Dr. Shade refers to himself as “the person who knows the most about mercury,” but he is an organic chemist with little to no background in chemical kinetics. He simply is not qualified to appraise the relevant papers to assess ALA as a chelator. Further, unlike Andy, he has a financial interest in promoting his products and keeping people buying them, so he has little motive to verify that Andy was right and a lot to discredit him.

Below is a discussion of Gregus Z, et al. 1992. Toxicology and Applied Pharmacology, 114,88-96. To understand this paper, it is important to know about the various forms of mercury and how they exert their harmful effects.

Vapor mercury (Hg0) is the form that can off-gas from amalgam fillings and evaporate in the oral cavity. The vapor can enter the lungs, get into the blood stream and also cross the cellular membranes (because it is fat soluble). Methylmercury (CH3Hg+ ( MM in the Gregus paper) is one form of organic mercury commonly found in fish. It is readily absorbed into the body from the intestines where it will go to the blood stream and circulation. Ethylmercury (C2H5 Hg) is the form of organic mercury that is found in the Thimerosal component of vaccines. When this is injected, it goes directly into blood circulation. Organic mercury is fat soluble and can cross cellular membrane so these forms all get into the brain readily.

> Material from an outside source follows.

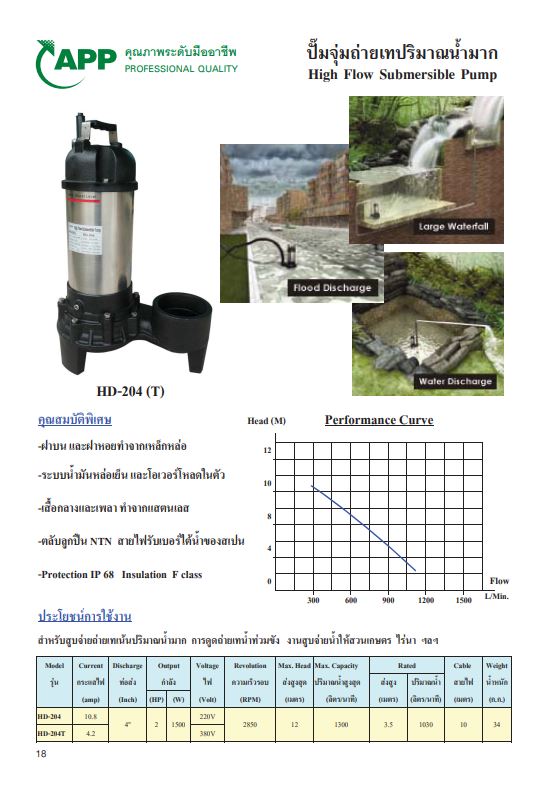 [SP-FD] ]ปั๊มจุ่มดูดน้ำสะอาด Arwana ขนาด 4 นิ้ว 2 แรงม้า 220v รุ่น HD-204 สำหรับดูดน้ำปริมาณมาก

All three of these forms will circulate in the blood and enter into cells, organs and the brain where the mercury will be attracted to sulfhydryl (SH) groups. Inside the cells the body slowly converts the vapor mercury and organic mercury to inorganic mercury (Hg++). Inorganic mercury is not fat soluble. Because of this, it will become stuck in the cells, organs and the brain and not be able to leave. While some natural processes may remove small quantities of inorganic mercury from organs over a very long time, whatever is in the brain basically remains there for life. That is why we need a fat-soluble chelator that is able to cross the blood/brain barrier to get into the brain to remove inorganic mercury. The Gregus study shows that alpha lipoic is such a fat-soluble chelator.

In the Gregus study, rats were injected with specific metals and alpha lipoic acid. Bile was collected for analysis every 30 min. At the end of the three hour experiments the rats were sacrificed and samples of blood and tissues were collected for analysis.

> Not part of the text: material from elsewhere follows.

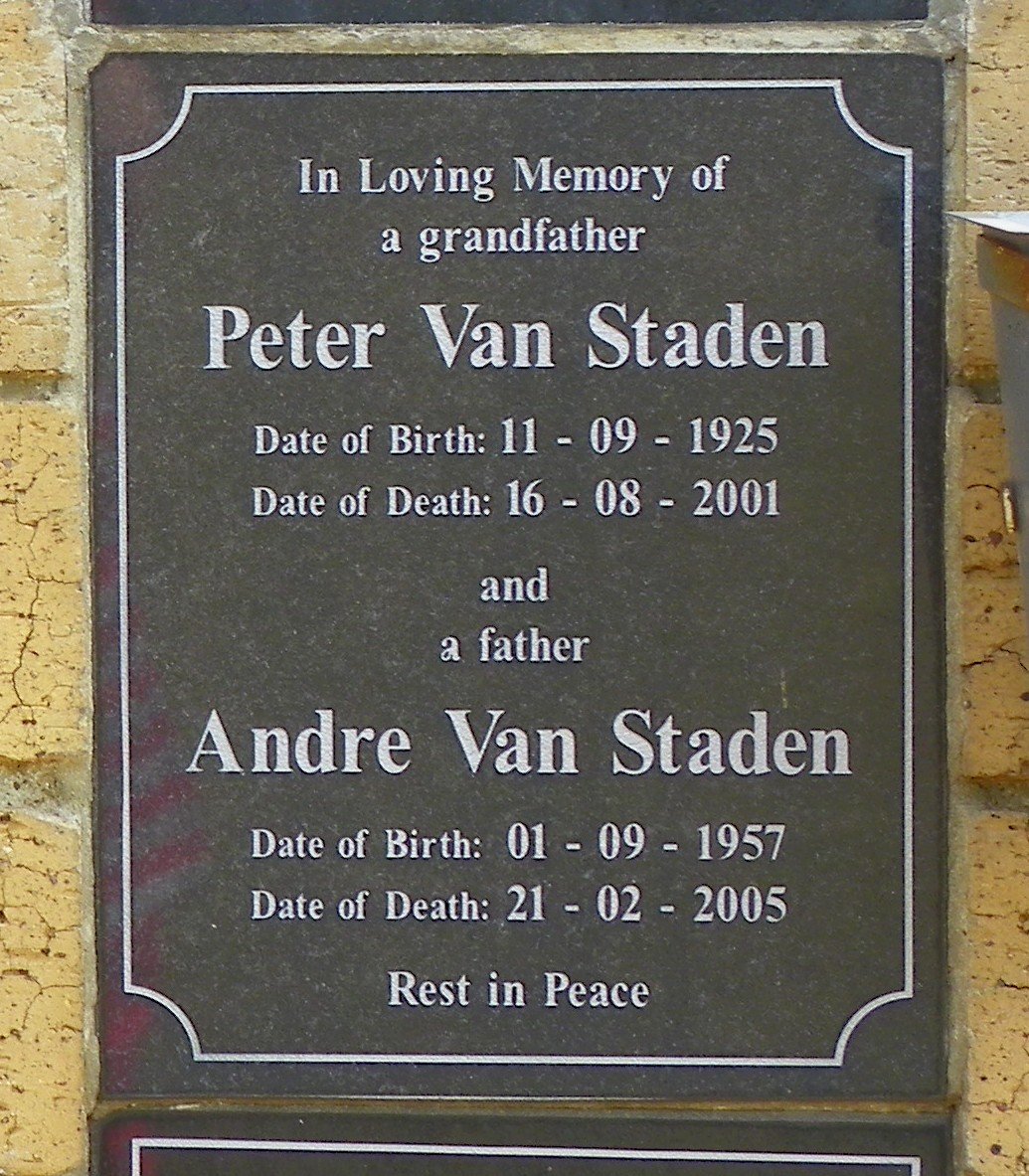 STADEN Peter, van 1925-2001 :: VAN STADEN Andre 1957-2005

The experiments showed that alpha lipoic acid dramatically increased the excretion of Hg++ into bile. At the lowest lipoic acid dose there was a 12-fold increase of Hg++ excretion while at the largest dose, a 40-fold increase in Hg++ was found in bile. Shade theorizes that the observed increase of Hg++ in bile is the result of alpha lipoic acid activating Nrf2 (Nuclear factor erythroid-related factor 2) which would subsequently increase glutathione and it is the glutathione that is responsible for moving the mercury. But Gregus et al (1992), did a further series of experiments that treated rats with DEM (diethyl maleate).